The presentation of new hybrid compression techniques to optimize memory usage and speed of access in cloud database

Document Type : Original Article

Abstract
Enterprises and cloud service providers face dramatic increase in the amount of data stored in private
and public clouds. Thus, data storage costs are growing hastily because they use only one single high-
performance storage tier for storing all cloud data.

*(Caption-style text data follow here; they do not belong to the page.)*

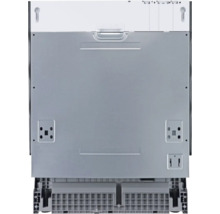 Achteraanzicht van een vaatwasser, met details over aansluitingen en installatie.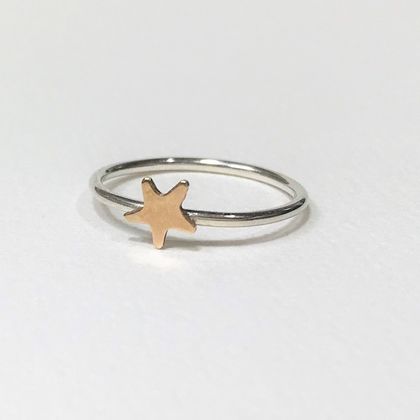 Sterling Silver Gold Star Ring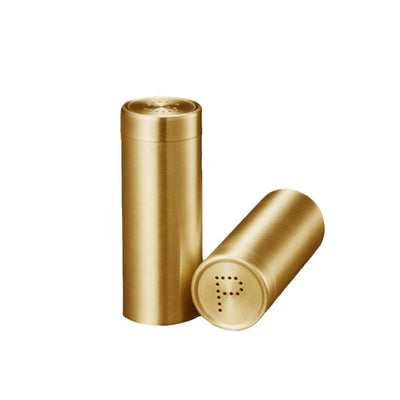 2Pcs Salt and Shakers Set, Stainless Steel Salt and Dispenser Gold Jar Rustproof Seasoning Bottle Easy Filling Salt and Shakers for Modern Home Kitchen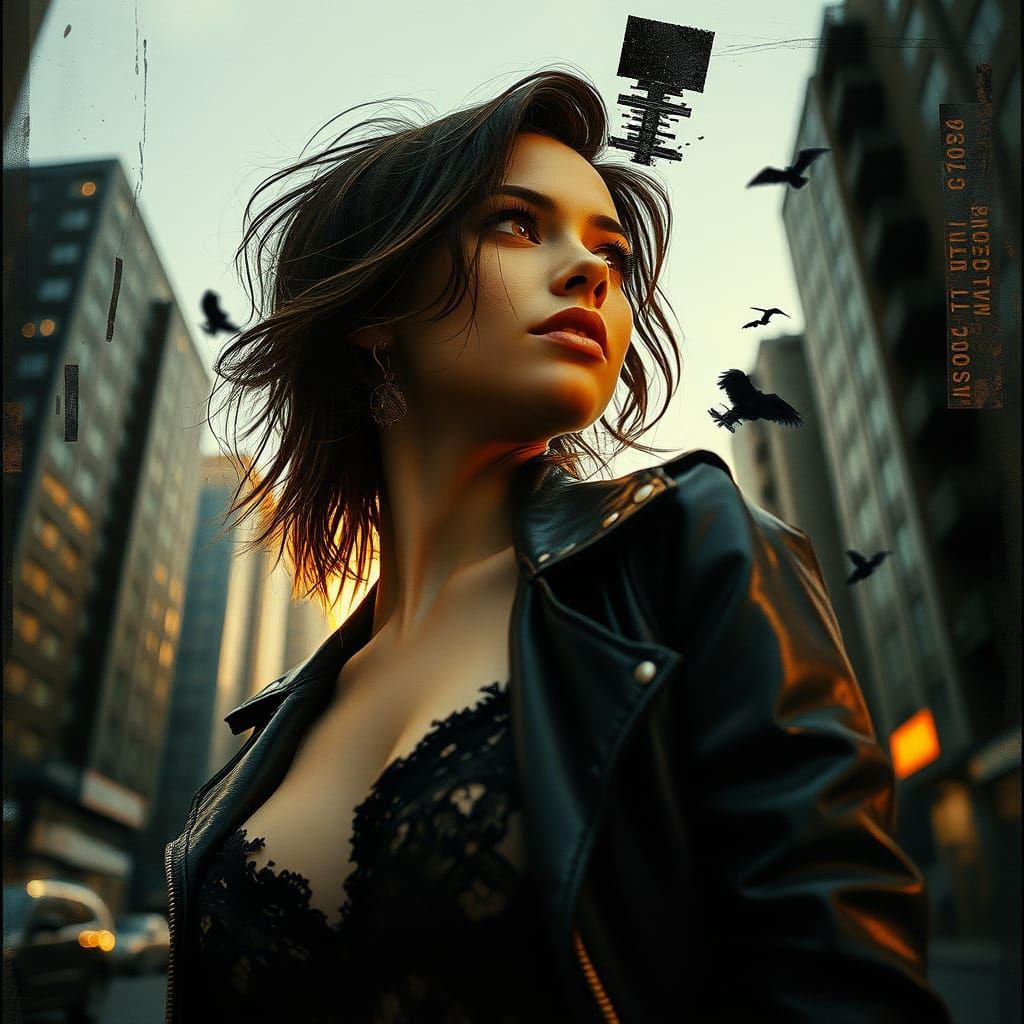 Golden-Eyed Siren in Hypermaximalist Punk Collage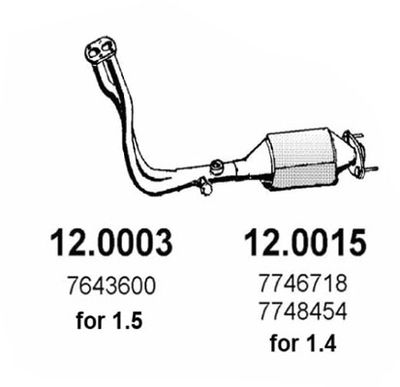 Катализатор ASSO 12.0015 для FIAT UNO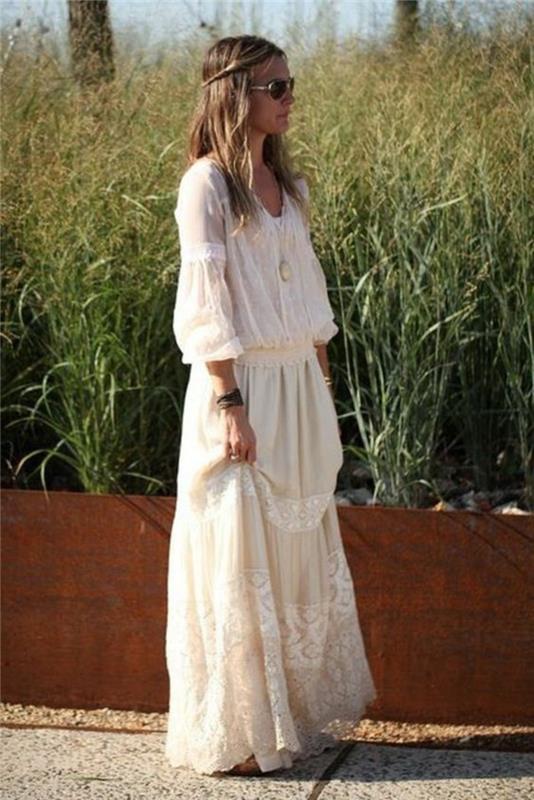 boho chic μακρύ νυφικό από δαντέλα βαμβακερό τούλι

There,s considerable potential to reduce cloud costs
by classifying data into active (hot) and inactive (cold). In the main-memory databases research,
recent work focus on approaches to identify hot/cold data. Most of these approaches track tuple
accesses to identify hot/cold tuples. In contrast, we introduce a novel LOAD DATA INFILE that
tracks both tuples and columns accesses in secondary storage databases. Our objective is to enhance
the performance in terms of three dimensions: storage space, query elapsed time and CPU usage. In
order to validate the effectiveness of our approach, we realized its concrete implementation on LOAD
DATA INFILE Approach (LDA) that reads rows from a text file into a table at a very high speed by
using the well-known qps and TPC-H benchmark. Experimental results show that the proposed LOAD
DATA approach outperforms prepare_data in respect of two performance dimensions. In specific,
LOAD DATA reduces the storage space by average of 14-62% and reduces the query elapsed time by
average of 280-440 times compared to the traditional database approach.